More successful was Serenade, which is set to Tchaikovsky's sweet, lusciously rich Serenade for Strings. Here Balanchine echoed the weight of a full string body with a crops of dancers who move with their own weight and purity. The Russians felt at home, and the final Adagio was a study in grave beauty (the ballet is abstract, but there's an implication that two girls are looking for love, and one languishes while the other rises). The triumph of the evening, however, was Balanchine's glorious signature work, Symphony in C, set to Bizet, which calls upon the entire company, up to sixty dancers in the tumultuous finale. The Mariinsky company must be unique in their depth, and here they fielded four superb couples and multiple echelons of corps dancers. I watched transfixed at the motionless pose of ten girls on either side, who at one point had to hold identical positions for several minutes before being allowed to shift their feet—they could get work as the definition of identical.

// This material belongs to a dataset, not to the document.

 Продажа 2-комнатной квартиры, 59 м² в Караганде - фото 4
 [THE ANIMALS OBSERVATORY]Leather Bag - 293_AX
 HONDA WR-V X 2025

Sleeping Beauty isn't charged with drama; much of the action moves at the pace of a processional. But it features two-and-a-half hours of textbook Petipa, displaying the full repertoire of romantic choreography. Tchaikovsky's score is itself a masterpiece—I heard Gergiev and the London Symphony perform it at a Proms last summer without dancers. On tour the Mariinsky leave nothing at home. At my matinee we had not only the lavish scenery and lightning effects but a real fountain spouting fifteen feet high for the finale. Vladimir Shklyarov reappeared as a very boyish Prince but armed with quick, high leaps and rounds that earned cheers. Princess Aurora was the girlish Anastasia Kolegova, who is not as experienced as some of the other prima ballerinas, according to someone in the know sitting behind me. It showed a bit in the Rose Adagio, where her face tensed up visibly during the trickiest moments of balancing en pointe as each suitor turned her around and then released her hand. But she was vivacious and wanted the audience to like her, two qualities that went a long way. The enormous ensemble of soloists and corps were, as expected, perfect. A note should also be made of the orchestra, which plays with Russian passion and no laziness. Pavel Bubelnikov, a veteran conductor with the company, displayed real musicality and vigor throughout, no mean thing when you consider that he has probably performed Sleeping Beauty about as many times as you and I have brushed our teeth.
My untutored comments go a ways toward describing the acknowledged supremacy of the Mariinsky company in classical repertoire, as well as their rising ability in some modern pieces—they are very intent on reclaiming Balanchine, who graduated from the Mariinsky school before he fled west. A New York dance critic was on the premises, and she voiced her dislike of the Russian way with Balanchine. Admittedly, it's a bit like hearing Sviatoslav Richter attempt Rhapsody in Blue, but would you turn down the chance to be there? It's persnickety to hold these young Mariinsky dancers to the standards of the New York City Ballet, and stupidly snobbish to call their style wrong, as this critic did. There's more than one kind of right, since style must be allowed to shift with the generations. As a museum of the nineteenth century, the Mariinsky owns its identity, but with Balanchine it looks to its growth.